All lines of the records below that contain the word "Guesthouse" must be listed.
===== Records for processing =====
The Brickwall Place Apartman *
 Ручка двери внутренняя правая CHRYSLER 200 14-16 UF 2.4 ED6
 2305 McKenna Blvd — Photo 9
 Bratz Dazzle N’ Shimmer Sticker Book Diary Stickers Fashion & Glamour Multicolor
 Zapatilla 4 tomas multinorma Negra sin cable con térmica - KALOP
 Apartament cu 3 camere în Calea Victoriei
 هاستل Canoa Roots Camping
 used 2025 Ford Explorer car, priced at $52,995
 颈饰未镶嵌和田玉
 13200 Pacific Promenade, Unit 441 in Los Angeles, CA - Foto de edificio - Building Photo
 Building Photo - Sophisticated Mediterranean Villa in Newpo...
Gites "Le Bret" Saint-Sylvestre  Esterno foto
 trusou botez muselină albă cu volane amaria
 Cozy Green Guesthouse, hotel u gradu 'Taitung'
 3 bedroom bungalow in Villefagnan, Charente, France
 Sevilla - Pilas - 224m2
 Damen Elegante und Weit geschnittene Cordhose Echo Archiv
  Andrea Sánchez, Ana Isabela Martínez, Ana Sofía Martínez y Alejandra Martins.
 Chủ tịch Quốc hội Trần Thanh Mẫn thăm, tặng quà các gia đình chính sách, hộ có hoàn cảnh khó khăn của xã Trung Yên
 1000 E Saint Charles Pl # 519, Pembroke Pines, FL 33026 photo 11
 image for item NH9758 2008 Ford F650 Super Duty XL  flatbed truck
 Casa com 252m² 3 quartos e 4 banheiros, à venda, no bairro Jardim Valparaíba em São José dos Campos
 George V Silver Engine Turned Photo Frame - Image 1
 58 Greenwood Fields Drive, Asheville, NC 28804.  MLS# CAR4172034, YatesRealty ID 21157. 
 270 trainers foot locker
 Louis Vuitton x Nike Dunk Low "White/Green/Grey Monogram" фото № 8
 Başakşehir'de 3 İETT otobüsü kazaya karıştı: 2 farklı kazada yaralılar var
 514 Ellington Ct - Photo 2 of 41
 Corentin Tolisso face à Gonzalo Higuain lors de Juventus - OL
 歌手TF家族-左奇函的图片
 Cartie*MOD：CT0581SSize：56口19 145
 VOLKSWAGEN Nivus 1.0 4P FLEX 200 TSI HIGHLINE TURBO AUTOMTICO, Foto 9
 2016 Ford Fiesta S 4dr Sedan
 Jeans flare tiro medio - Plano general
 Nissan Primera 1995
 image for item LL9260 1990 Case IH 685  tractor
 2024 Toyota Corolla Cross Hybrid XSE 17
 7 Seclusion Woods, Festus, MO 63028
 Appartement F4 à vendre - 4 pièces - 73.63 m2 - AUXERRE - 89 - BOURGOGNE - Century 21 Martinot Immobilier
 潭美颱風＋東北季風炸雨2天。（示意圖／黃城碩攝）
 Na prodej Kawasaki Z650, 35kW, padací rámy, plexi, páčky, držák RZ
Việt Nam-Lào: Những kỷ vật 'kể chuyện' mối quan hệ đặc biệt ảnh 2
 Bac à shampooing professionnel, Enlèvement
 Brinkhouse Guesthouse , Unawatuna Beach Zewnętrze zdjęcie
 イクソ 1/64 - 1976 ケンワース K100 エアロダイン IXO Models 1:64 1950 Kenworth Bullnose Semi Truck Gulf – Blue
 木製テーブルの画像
=====
§ Written solution
 Cozy Green Guesthouse, hotel u gradu 'Taitung'
 Brinkhouse Guesthouse , Unawatuna Beach Zewnętrze zdjęcie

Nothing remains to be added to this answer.